-------- Records shown --------

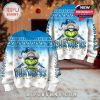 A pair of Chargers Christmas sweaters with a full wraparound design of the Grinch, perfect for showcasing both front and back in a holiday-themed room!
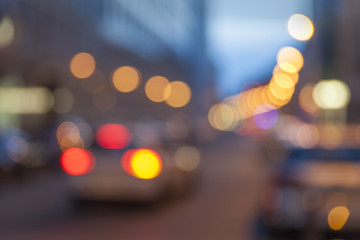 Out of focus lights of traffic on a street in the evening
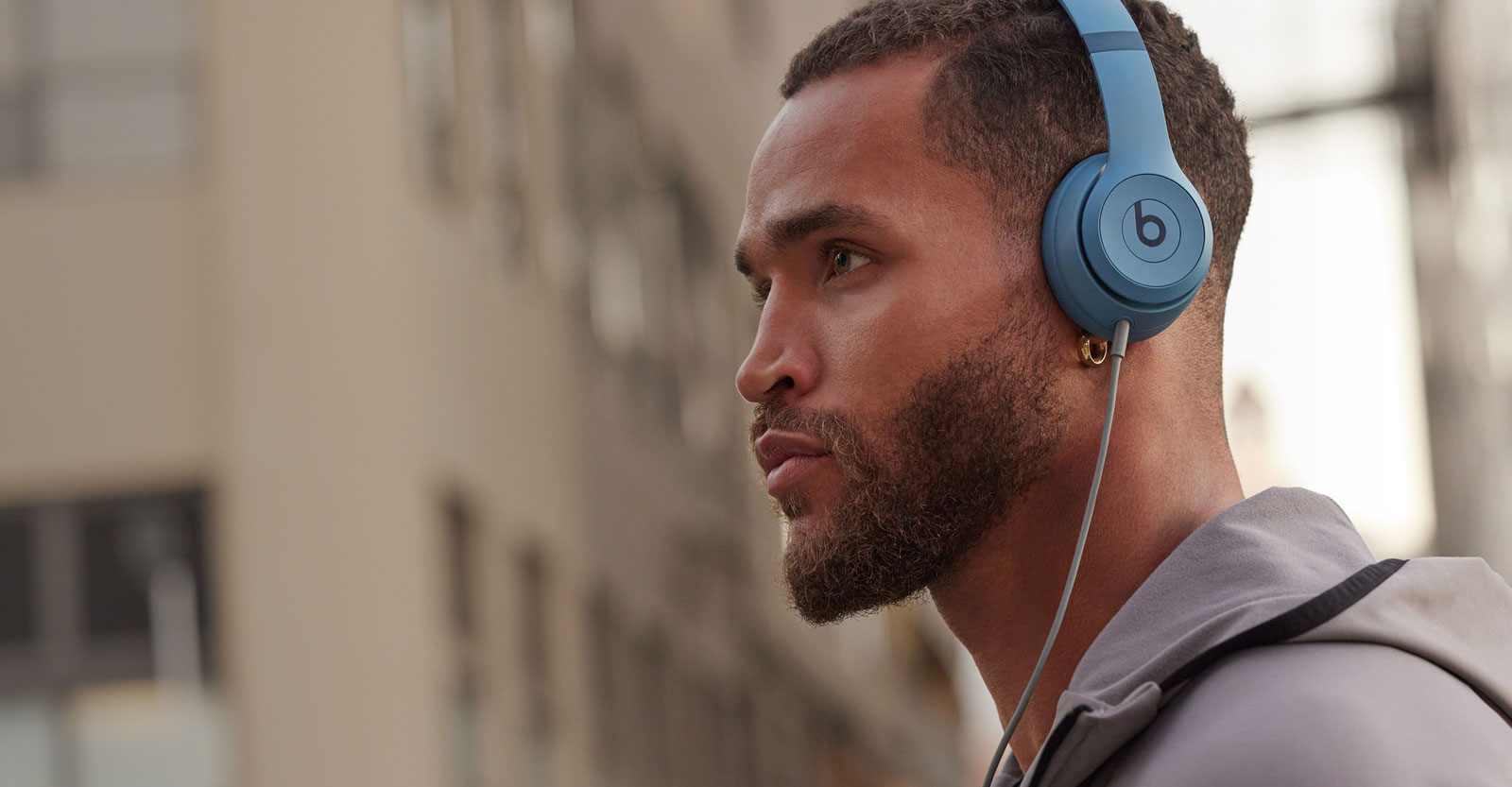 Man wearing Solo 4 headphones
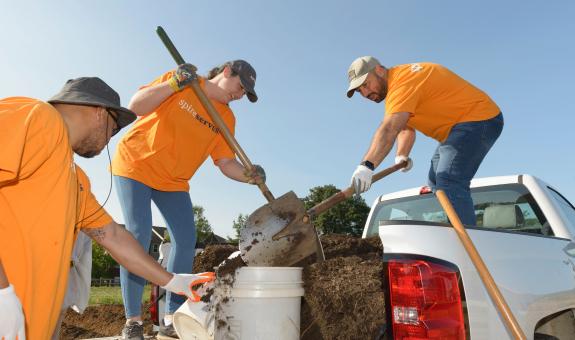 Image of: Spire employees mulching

--------
-------- Records shown --------

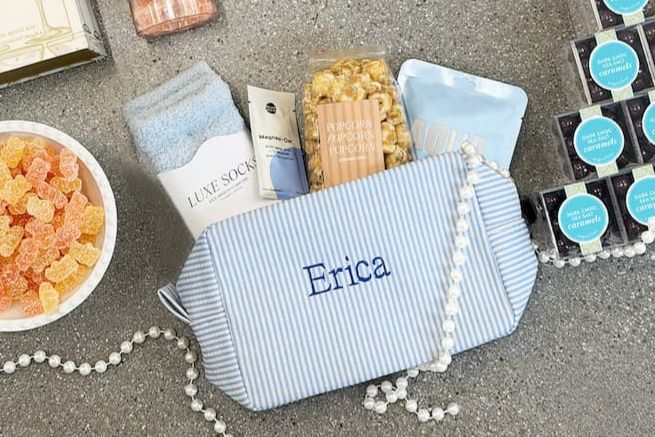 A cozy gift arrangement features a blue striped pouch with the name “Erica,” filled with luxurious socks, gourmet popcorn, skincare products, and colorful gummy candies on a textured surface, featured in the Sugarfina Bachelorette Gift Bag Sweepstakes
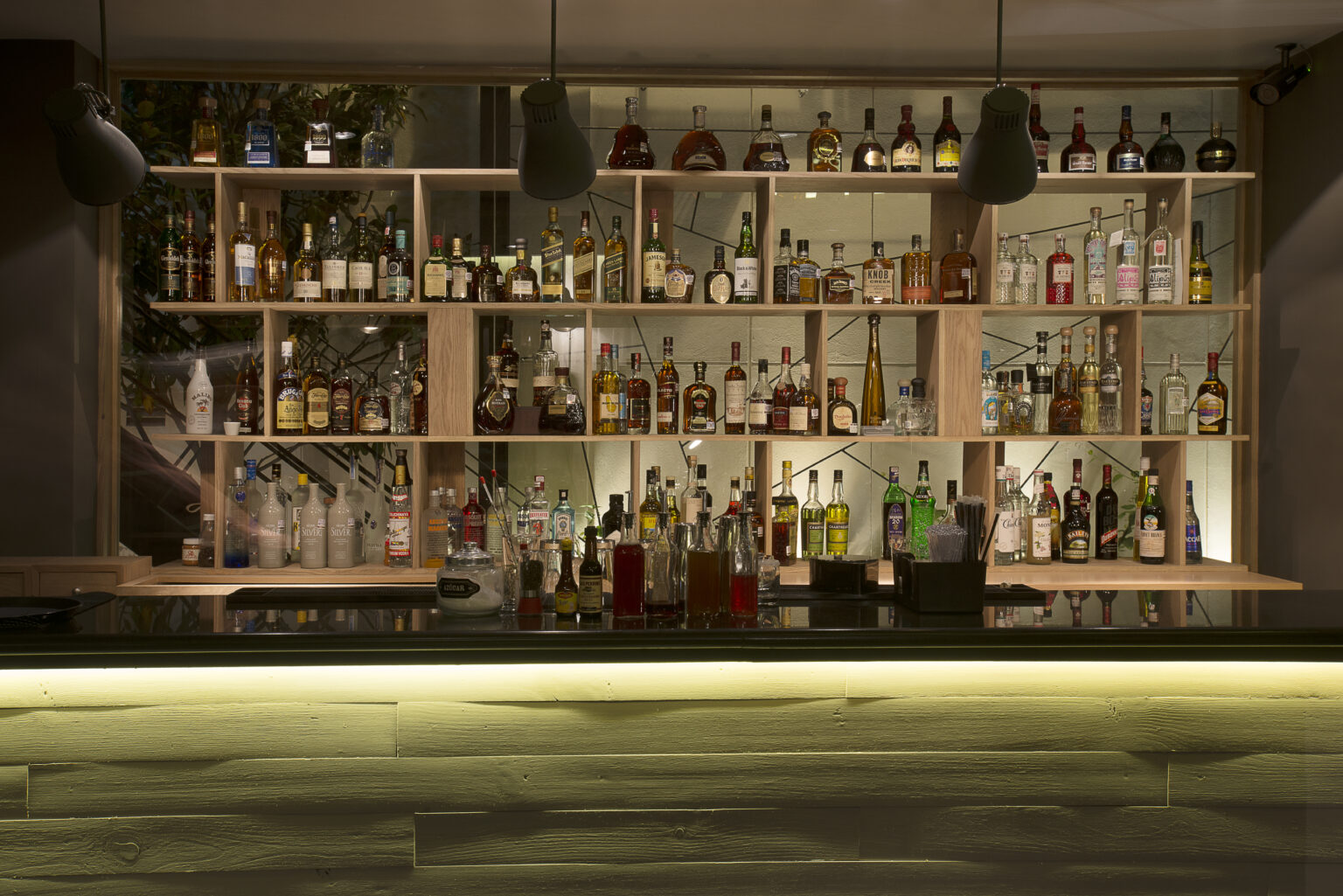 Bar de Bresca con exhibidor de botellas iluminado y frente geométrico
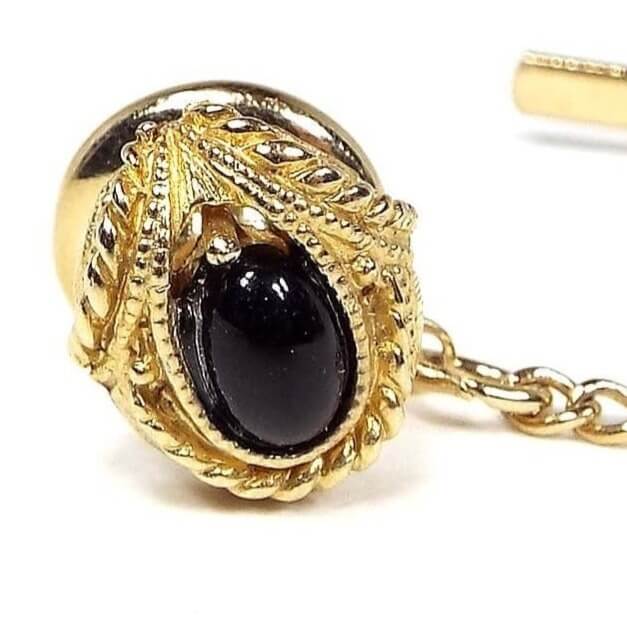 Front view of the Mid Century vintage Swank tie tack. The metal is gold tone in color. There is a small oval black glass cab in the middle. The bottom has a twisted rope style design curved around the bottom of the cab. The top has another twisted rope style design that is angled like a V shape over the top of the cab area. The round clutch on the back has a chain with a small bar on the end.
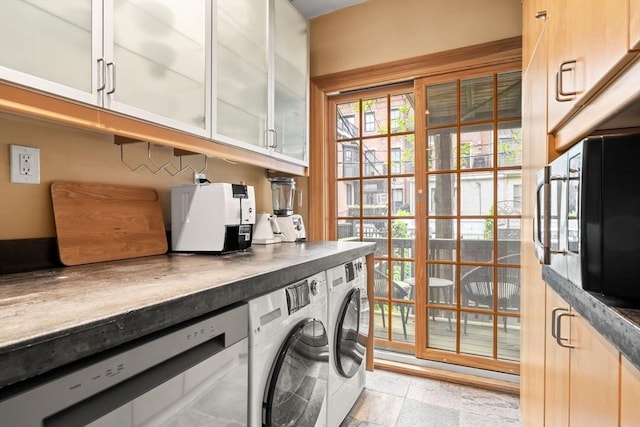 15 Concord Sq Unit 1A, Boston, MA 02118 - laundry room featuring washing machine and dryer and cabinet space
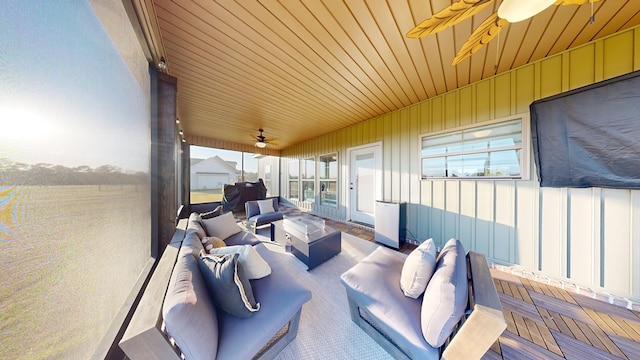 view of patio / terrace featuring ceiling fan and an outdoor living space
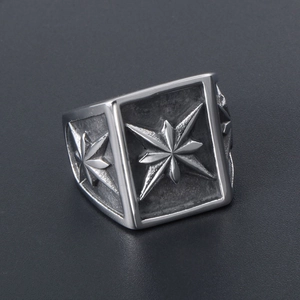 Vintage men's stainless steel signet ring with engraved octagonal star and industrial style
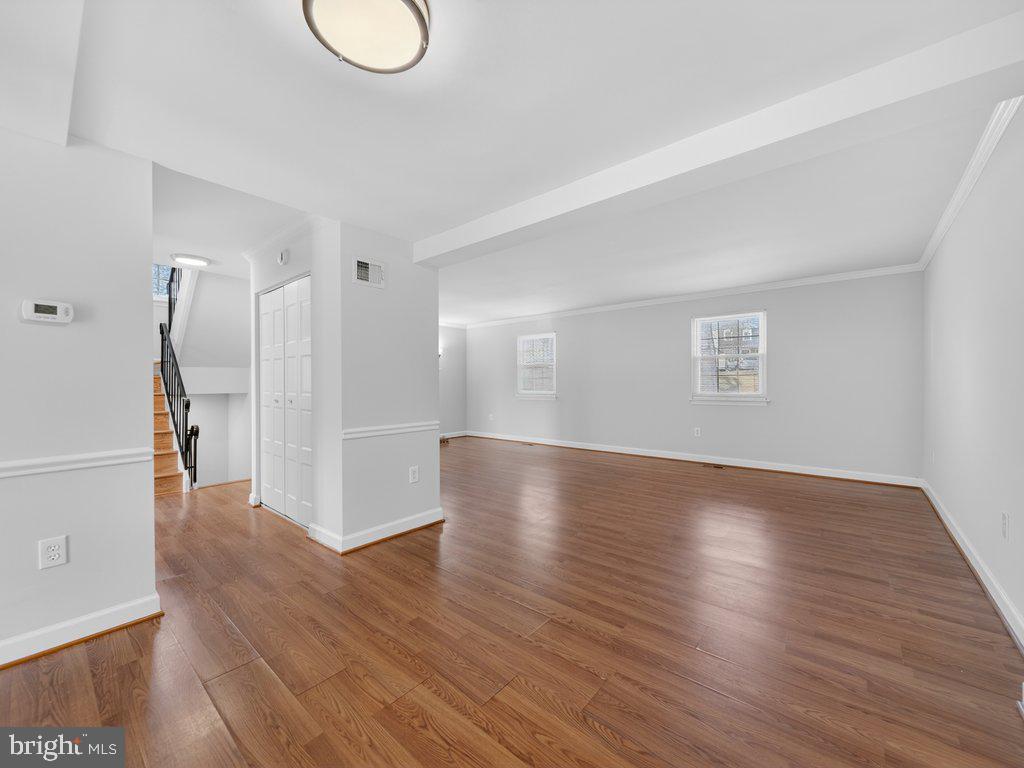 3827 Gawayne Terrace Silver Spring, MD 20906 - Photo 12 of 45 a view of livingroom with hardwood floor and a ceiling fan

--------
-------- Records shown --------

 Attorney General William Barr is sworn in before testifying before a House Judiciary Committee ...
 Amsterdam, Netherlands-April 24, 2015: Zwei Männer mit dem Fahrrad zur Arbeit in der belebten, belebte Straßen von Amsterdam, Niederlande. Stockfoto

--------

* [Exercise directions]: Return only the part above that opens with the line containing "A pair of Chargers" and closes with the line containing "Image of: Spire employees mulching", exactly and with both ends, skipping the pictures.

* [Task answer]:
 A pair of Chargers Christmas sweaters with a full wraparound design of the Grinch, perfect for showcasing both front and back in a holiday-themed room!
 Out of focus lights of traffic on a street in the evening
 Man wearing Solo 4 headphones
 Image of: Spire employees mulching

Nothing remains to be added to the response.